L’aviation de montagne et de glacier, plus de 40 ans de bonheur en 3 dimensions
Cette activité génère quelques honneurs : insigne d’or des pilotes de glaciers, remis par Geiger (1961) ; diplôme "Paul Tissandier" de la Fédération Aéronautique Internationale, pour son "extraordinaire activité pendant plus de 25 ans de formation au vol à moteur et en montagne" (1984) ; président d’honneur de l’Aéro-club de Genève (dès 1971), "Ailes de cristal" de l’Association des journalistes aéronautiques (1986). Naissent aussi des structures pérennes : Association Suisse des Pilotes de Glacier (ASPG, 1979), Association genevoise des pilotes de montagne (AGPM, 1981), Groupe genevois de pilote de montagne de l’Aéro-club de Genève (GPM, 1981). A 80 ans, lorsqu’on refuse à Henri Golaz de prolonger sa licence de pilote, on imagine le drame personnel qu’il doit surmonter. Bien que transformé en expert de l’OFA depuis 1960, Golaz préférerait, bien sûr, voler dans les Alpes. Mais depuis les années 70’s, retraité (sauf en aviation), il a mis le doigt dans la politique locale et porte familièrement le surnom de "Syndic du Creux de Genthod" où il devient encore le doyen du conseil municipal.
Dans les séances du comité de l’Aéro-club, Henri Golaz parle peu mais fait des interventions écoutées, de qualité, avec son discours châtié et après avoir frisé sa fine moustache entre ses doigts.
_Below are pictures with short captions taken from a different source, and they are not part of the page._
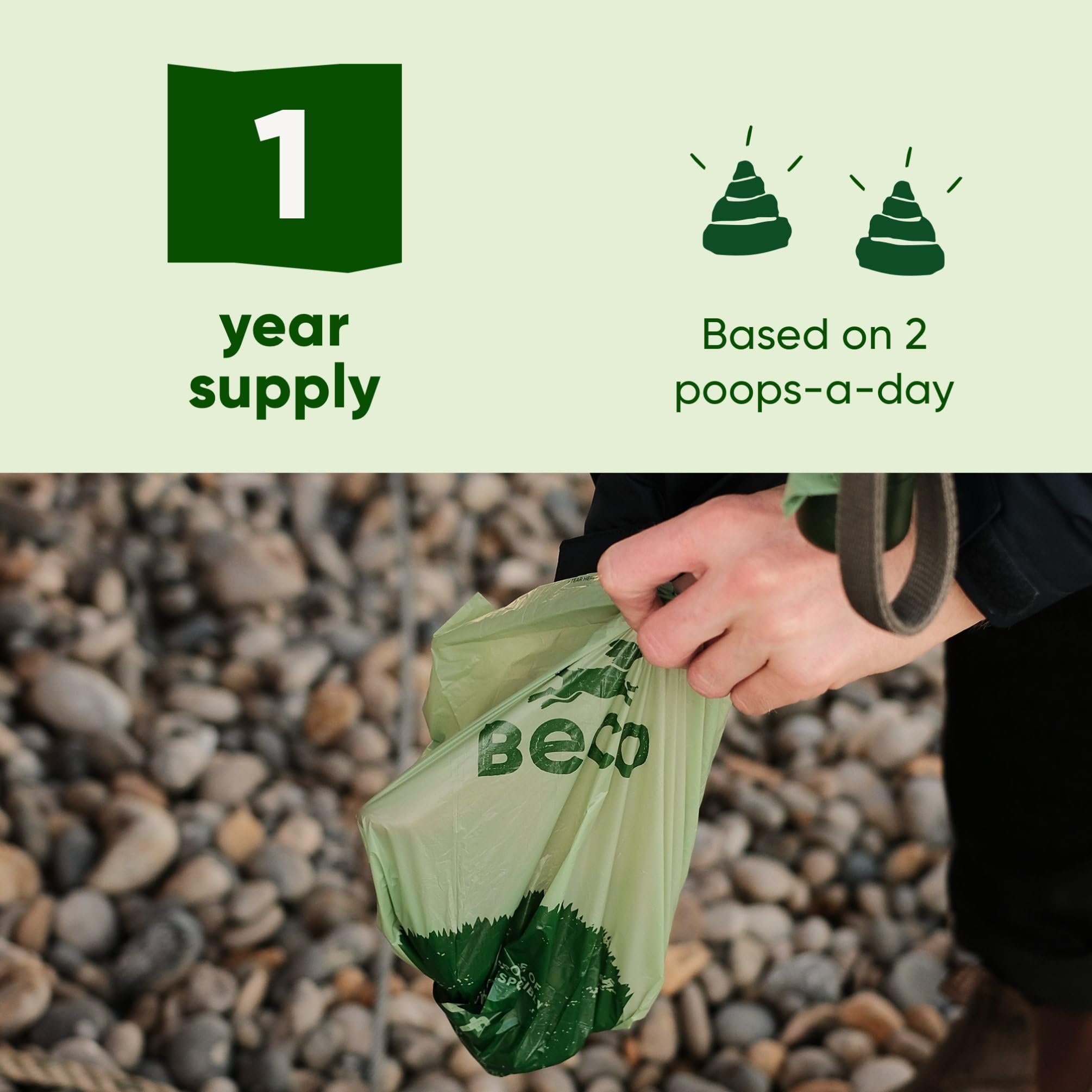 Beco Strong & Large - Bolsas para excrementos, 720 bolsas (48 rollos de 15), sin perfume, compatibles con dispensador, color verde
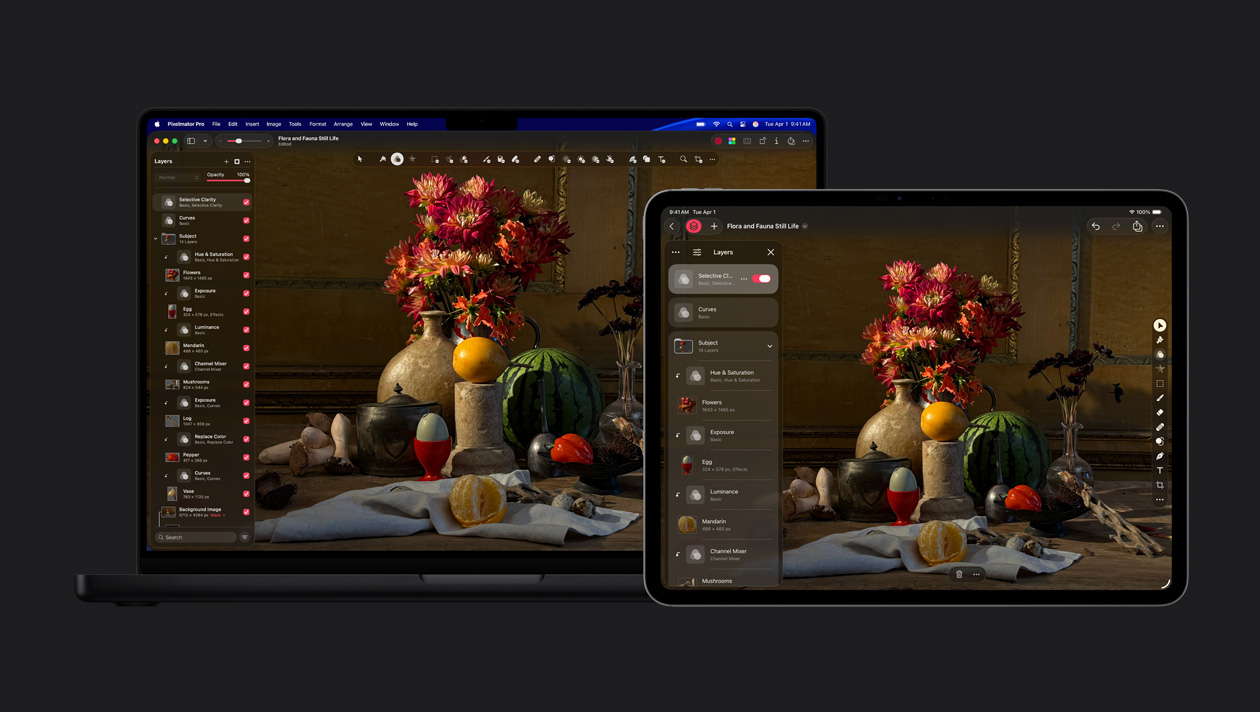 Pantallas de un MacBook Pro de 16 pulgadas y un iPad Pro de 13 pulgadas, Pixelmator Pro, pintura de naturaleza muerta con flora y fauna, kit de herramientas para capas a la izquierda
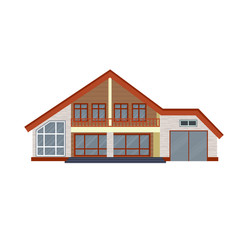 Modern detailed house or villa front view. Contemporary real estate vector illustration. Residential building exterior isolated on white background.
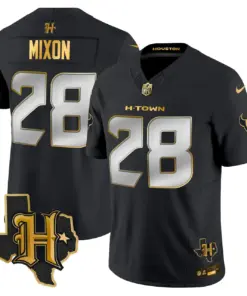 Houston Texans Nike 2024 Texas Patch Gold Vapor Limited Stitched Jersey - Black - Image 11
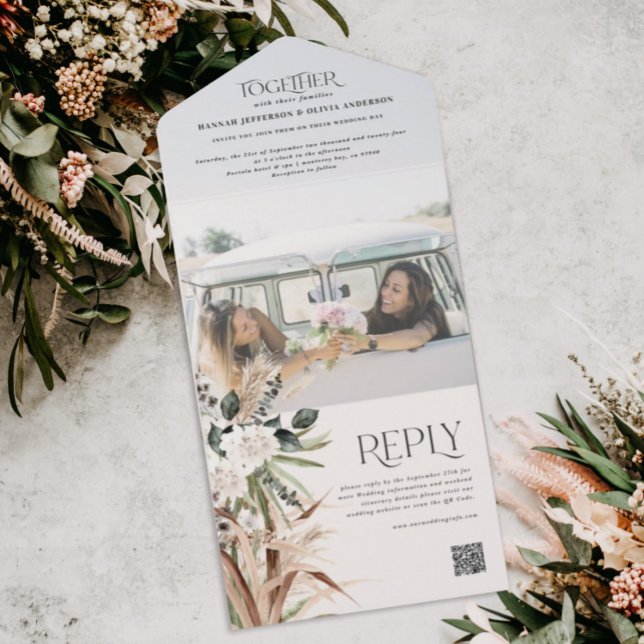 Invitación Todo En Uno Foto presupuestaria pampas eucalipto boda código Q (Subido por el creador)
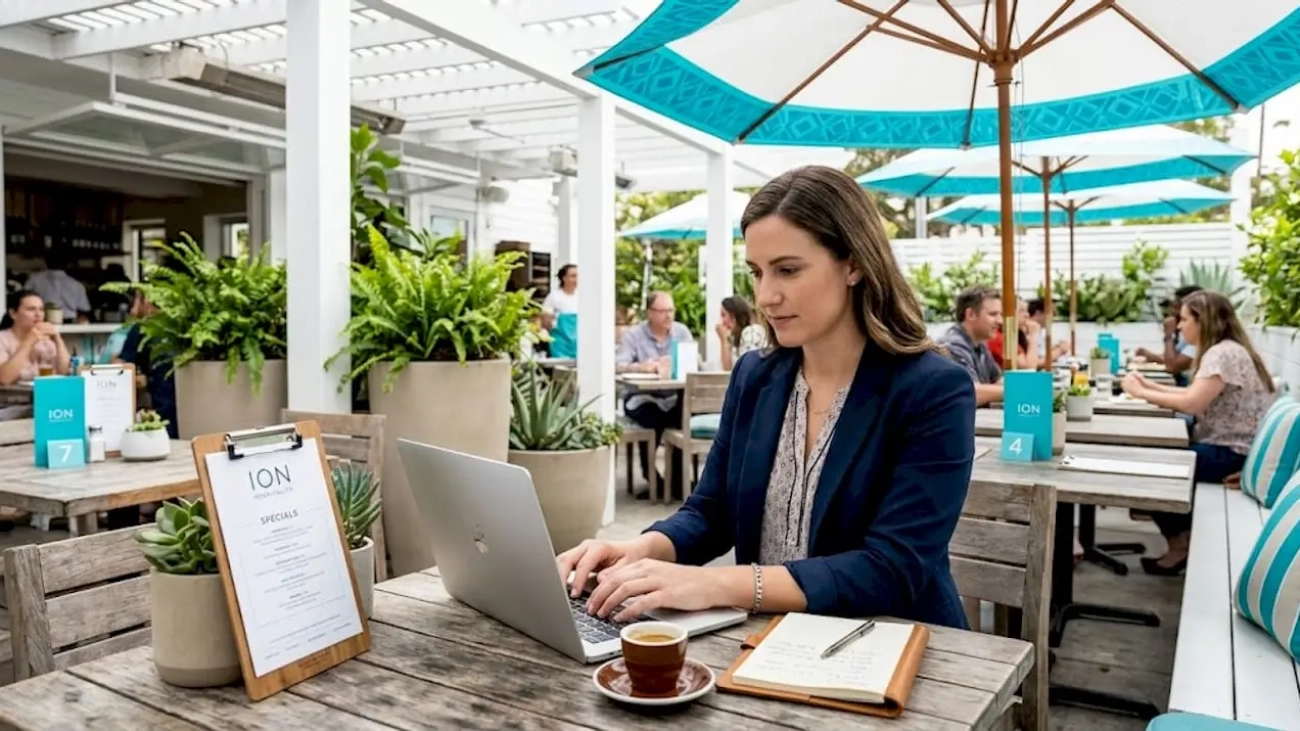 Restaurant manager typing content calendar at table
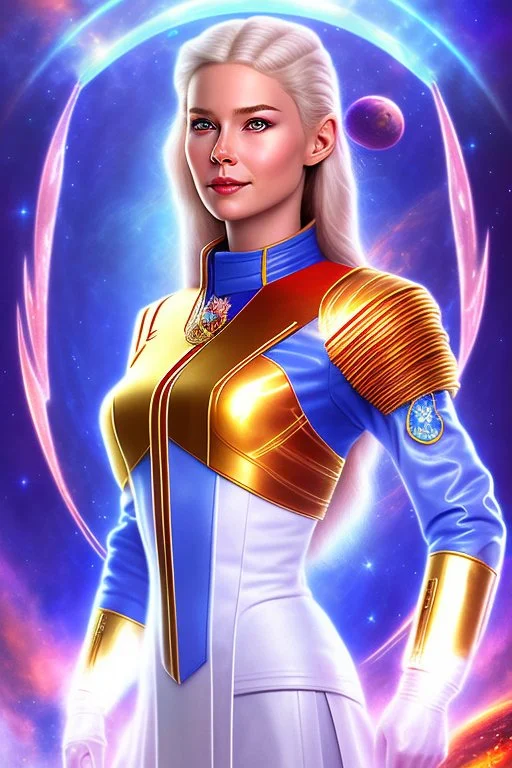 cosmic young woman admiral from the future, one fine whole face, large cosmic forehead, crystalline skin, expressive blue eyes, blue hair, smiling lips, very nice smile, costume pleiadian, rainbow ufo, Beautiful tall woman pleiadian Galactic commander, ship, perfect datailed golden galactic suit, high rank, long blond hair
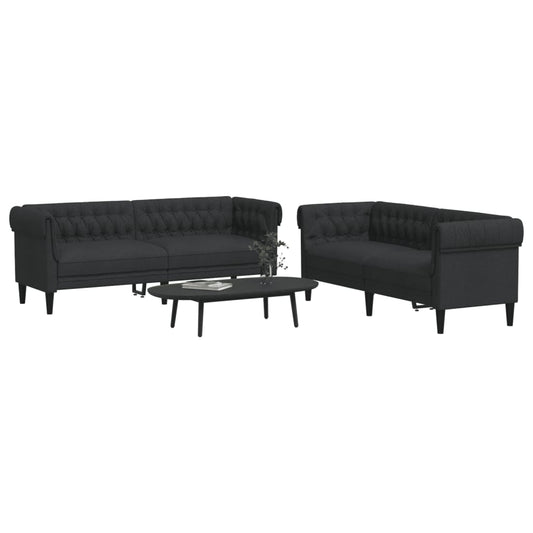 Set di Divani 2 pz Nero in Tessuto | homemem39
Il s’est éteint le 12 juin 1996, fort de 58 années d’aéronautique et après avoir transmis son art et sa passion à d’innombrables aviateurs et beaucoup œuvré à donner à l’aviation cette nouvelle dimension que sont les grands espaces enneigés alpins.
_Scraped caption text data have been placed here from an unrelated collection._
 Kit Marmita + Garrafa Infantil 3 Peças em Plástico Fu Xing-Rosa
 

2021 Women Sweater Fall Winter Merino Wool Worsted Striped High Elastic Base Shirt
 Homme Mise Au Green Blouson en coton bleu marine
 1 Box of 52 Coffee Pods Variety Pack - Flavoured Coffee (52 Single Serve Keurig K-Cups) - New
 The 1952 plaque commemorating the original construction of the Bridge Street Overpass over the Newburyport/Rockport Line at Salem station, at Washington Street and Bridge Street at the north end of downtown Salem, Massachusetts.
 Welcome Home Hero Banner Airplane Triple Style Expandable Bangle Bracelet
Brevet 1 pilote de tourisme, no.43 | 30.08.1935 | |
Brevet catégorie A, no.509 | 31.01.1936 | |
Brevet de vol à voile B, no.292 | 20.07.1936 | 04.1949 |
Brevet de vol à voile, no.112 | 25.08.1936 | 04.1949 |
Brevet de pilote de virtuosité, no.V.120 | 20.11.1936 | 14.12.1970 |
Brevet 2 de pilote | 26.02.1947 | |
Brevet de remorquage de planeurs | 26.02.1947 | |
Permis d’instructeur de vol | 26.02.1947 | |
Permis de vol de nuit | 24.11.1949 | 14.06.1967 |
Certificat fédéral de radiotéléphonie, no.525 | 28.09.1962 | |
Brevet de pilote professionnel, no.208 | 17.12.1963 | 06.06.1964 |
License professionnelle, no.1362 | --- | |
Extension atterrissage en montagne, no.208/658 | 25.06.1964 | etc. |
Lors du meeting de vol à voile de Cointrin, en juin 1945, Henri Golaz, déguisé, présente son numéro "le grand cirque" sur le Karpf 299, arborant la publicité d’un grand magasin genevois.